I have always disliked neck straps on cameras. Modern neoprene straps are better but stuff swinging round my neck is essentially uncomfortable. i don ‘t even like a modest pair of binoculars doing pendulum impressions around my neck, never mind a camera body weighing in at 750g. Add to that a long lens making the whole ensemble weight 2kgs or more and a neckstrap is out of the question for me. I did used to use a wrist strap with more modest lenses attached but a couple of kilos hanging off ones wrist isn’t an appealing prospect either. Since, when hunting wildlife I habitually use a monopod, my preferred transport approach is to sling the monopod with camera and lens attached over my shoulder. I’ve been doing this quite successfully for 4-5 years.
Today my approach failed. Actually, not knowing exactly what happened, perhaps my concentration ran out. Whatever the cause, as we were wandering along a road near Jalón to go in search of dragonflies and particularly one of my gaudy favourites, the delightfully pink-coloured male Violet Dropwings (Trithemis annulata), my hand somehow contrived to part company with the monopod over my shoulder. The complete assembly: almost brand new EOS 7D mk2 (£1600) complete with 1.4X extender (£400) and Canon 300mm F4 prime L-series lens (£1200), fell off my shoulder (a height of about 5 ft) onto the road surface beneath. Arghhh!! Most definitely, an “oh shit” moment.
The first obvious problem I spotted was that the lens hood, perhaps mercifully extended, was now more oval than circular in shape. A little judicious squeezing managed to return it to its more familiar and useful circular shape.
I turned my attention to my beloved camera. The camera still switched on but, as I looked closer, I spotted the point of impact on the lower left rear corner, just near the delete button. Scratches were the least of the trouble; a couple of the camera body’s sections were not now quite the shape they should be and didn’t exactly meet precisely. I looked through the eyepiece and tried a shot. It didn’t focus, the viewfinder information telling me I was in manual focus when, in fact, the lens was switched to auto. The shutter fired … very slowly. An error message saying, “Err01 – communication error” was now about all I could get out of £3200-worth of dropped equipment. Further attempts resulted in the same error message.
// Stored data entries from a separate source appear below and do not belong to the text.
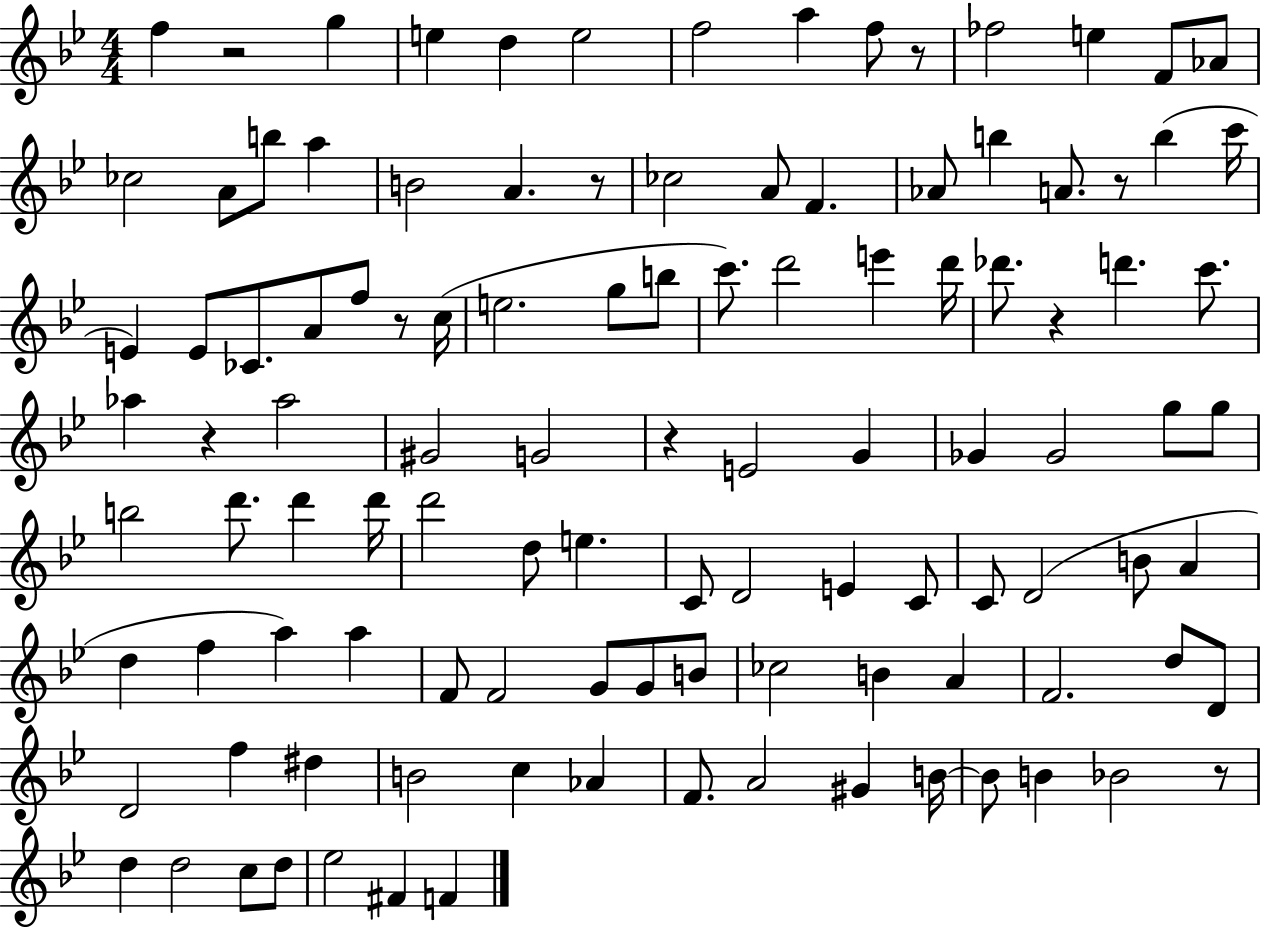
X:1
T:Untitled
M:4/4
L:1/4
K:Bb
f z2 g e d e2 f2 a f/2 z/2 _f2 e F/2 _A/2 _c2 A/2 b/2 a B2 A z/2 _c2 A/2 F _A/2 b A/2 z/2 b c'/4 E E/2 _C/2 A/2 f/2 z/2 c/4 e2 g/2 b/2 c'/2 d'2 e' d'/4 _d'/2 z d' c'/2 _a z _a2 ^G2 G2 z E2 G _G _G2 g/2 g/2 b2 d'/2 d' d'/4 d'2 d/2 e C/2 D2 E C/2 C/2 D2 B/2 A d f a a F/2 F2 G/2 G/2 B/2 _c2 B A F2 d/2 D/2 D2 f ^d B2 c _A F/2 A2 ^G B/4 B/2 B _B2 z/2 d d2 c/2 d/2 _e2 ^F F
We continued our short wander with a gloomy cloud hanging over my head. As you might imagine, this did not make for a relaxing time spotting dragonflies. We did eventually find our quarry, plus a couple of Epaulet Skimmers (Orthetrum chrysostigma) but I had no way of recording them.
Back chez Casa, I tried a few more tests swapping components between the damaged mk2 and my older 7D mk1, which I’d left here intentionally to avoid carrying hefty equipment on future flying visits. Amazingly, these tests seem to show that the camera still works, though I’ve yet to try all functions. The lens, including stabilizer, also seems to work properly. It’s the extender, when mounted in between them, that screws things up and is very definitely broken – it has a slight but disturbing sideways movement that should not be there.
When we return, I need a trip to canon’s service centre at Elstree to get one of my lenses serviced. I may try to see if they can refurbish and check the 7D mk2 as well.
Oh, and a friend at UK DRagonflies blamed the mishap on the Violent Dropthings. Very good, I needed a laugh!